#### [Task directions]
In the entries below, which lines run from the one with "JABON LIQUIDO DE PULPA DE ARROZ BIOAQUA" through the one with "最新！アディダス☆レディースパンツ☆TD FLARED PANT☆お早めに"? Repeat exactly those, both included, and no pictures.

#### [Extracted entries]

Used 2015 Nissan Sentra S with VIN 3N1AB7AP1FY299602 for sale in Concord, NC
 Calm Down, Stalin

...

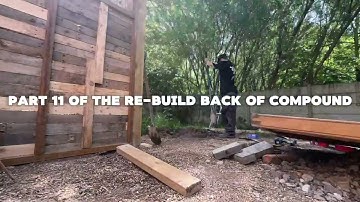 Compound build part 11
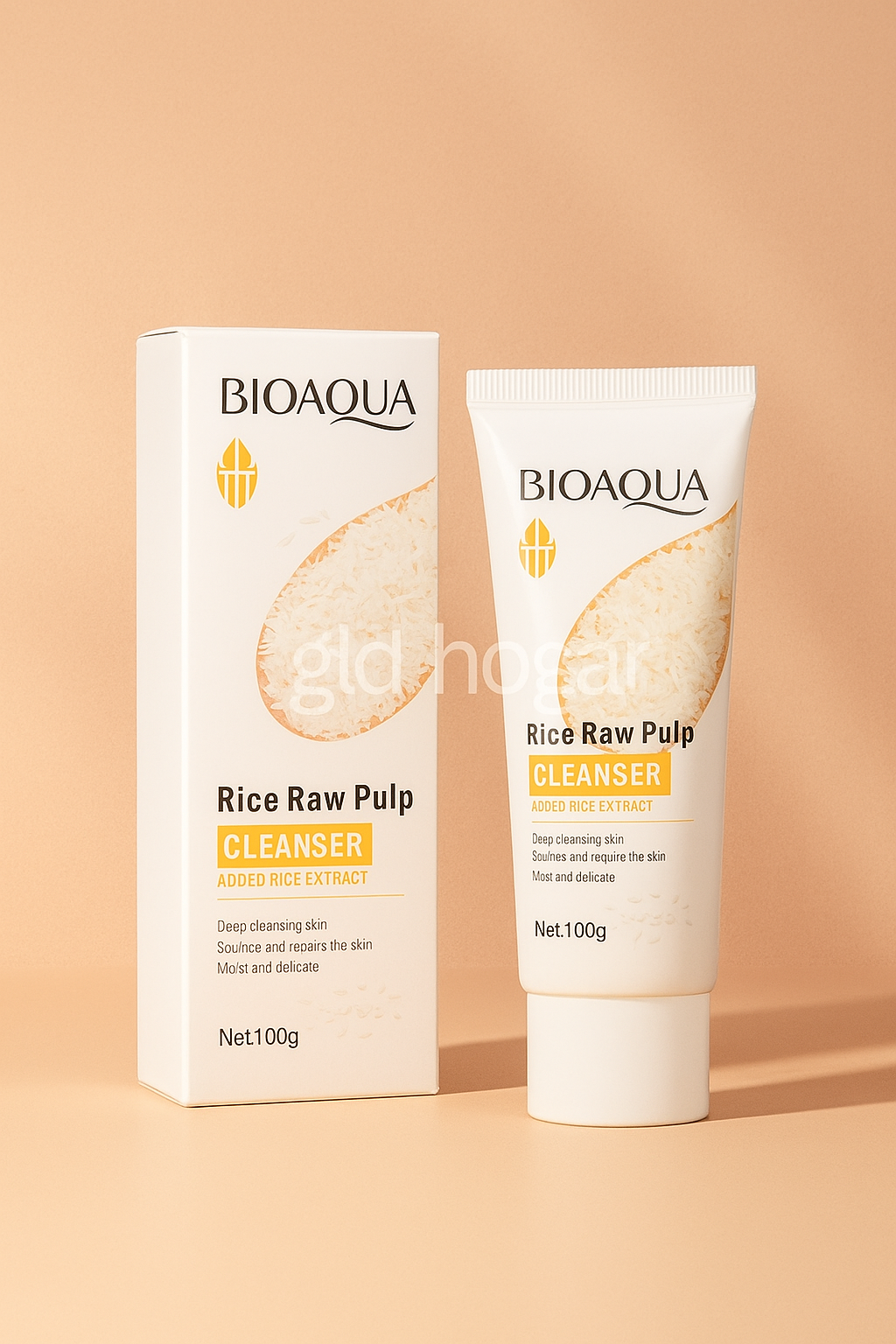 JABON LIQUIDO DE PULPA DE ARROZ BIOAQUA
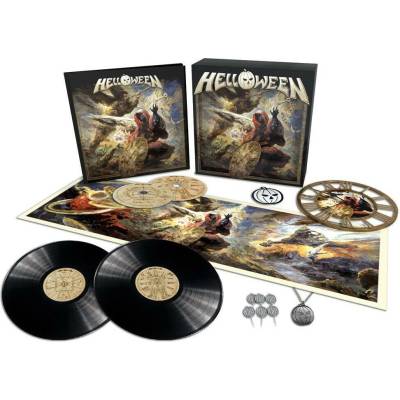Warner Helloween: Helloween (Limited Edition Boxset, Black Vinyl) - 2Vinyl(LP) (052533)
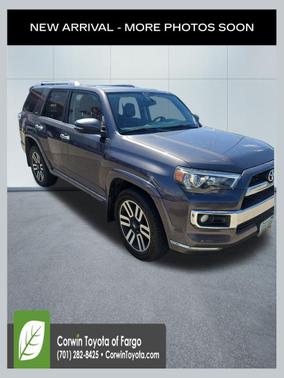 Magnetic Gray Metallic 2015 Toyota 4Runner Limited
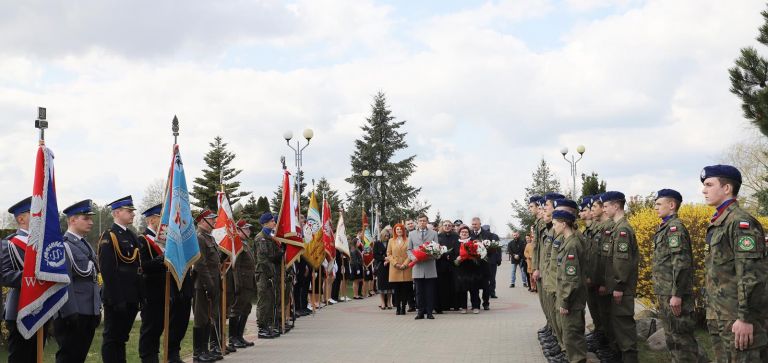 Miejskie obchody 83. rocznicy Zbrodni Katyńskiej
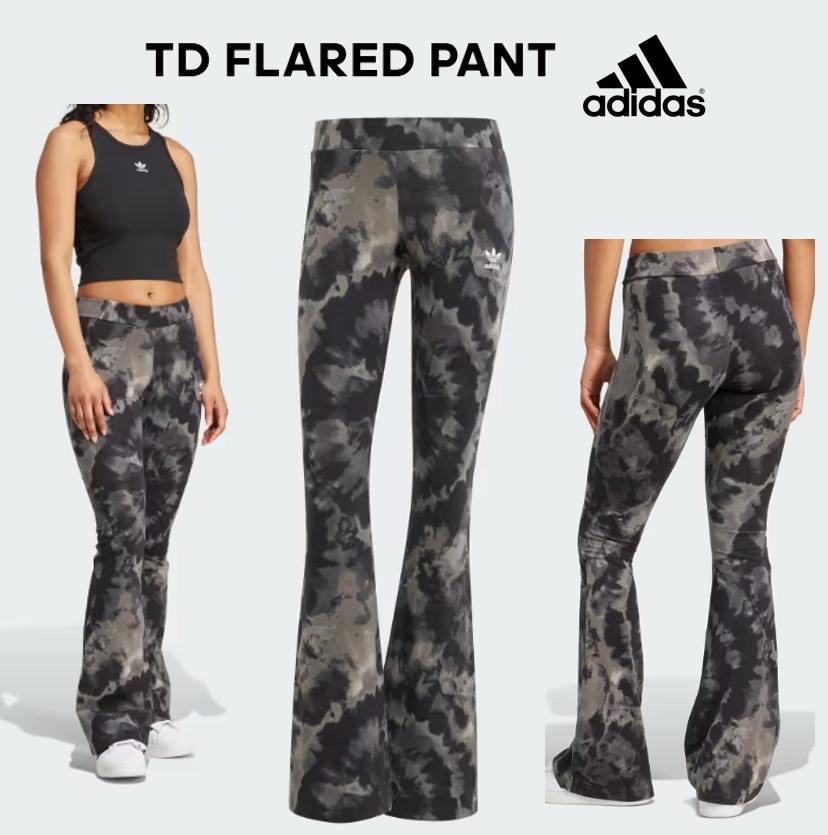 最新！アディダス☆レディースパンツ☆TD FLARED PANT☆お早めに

...

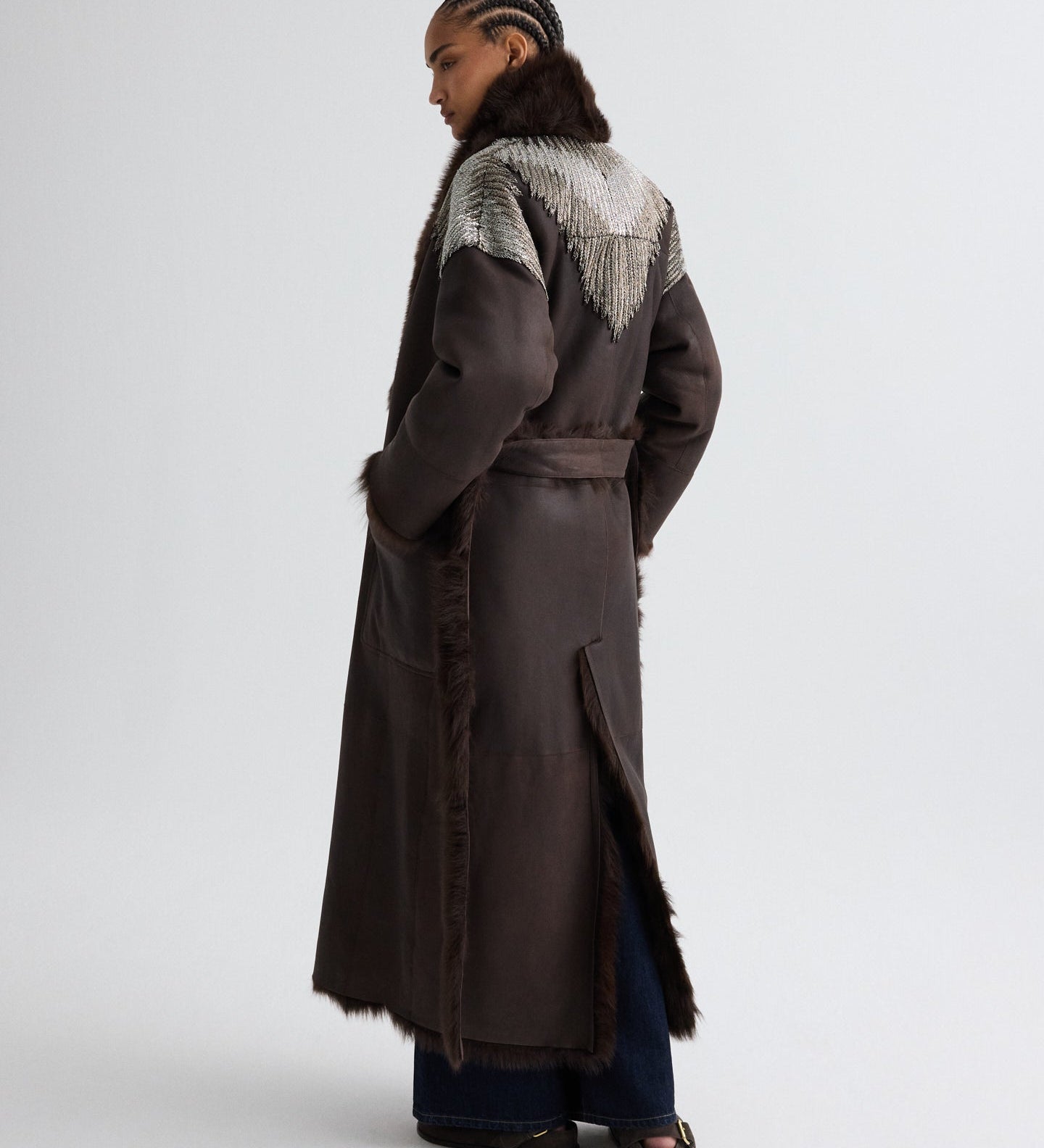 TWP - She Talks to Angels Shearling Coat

#### [Task answer]
 JABON LIQUIDO DE PULPA DE ARROZ BIOAQUA
Warner Helloween: Helloween (Limited Edition Boxset, Black Vinyl) - 2Vinyl(LP) (052533)
 Magnetic Gray Metallic 2015 Toyota 4Runner Limited
 Miejskie obchody 83. rocznicy Zbrodni Katyńskiej
 最新！アディダス☆レディースパンツ☆TD FLARED PANT☆お早めに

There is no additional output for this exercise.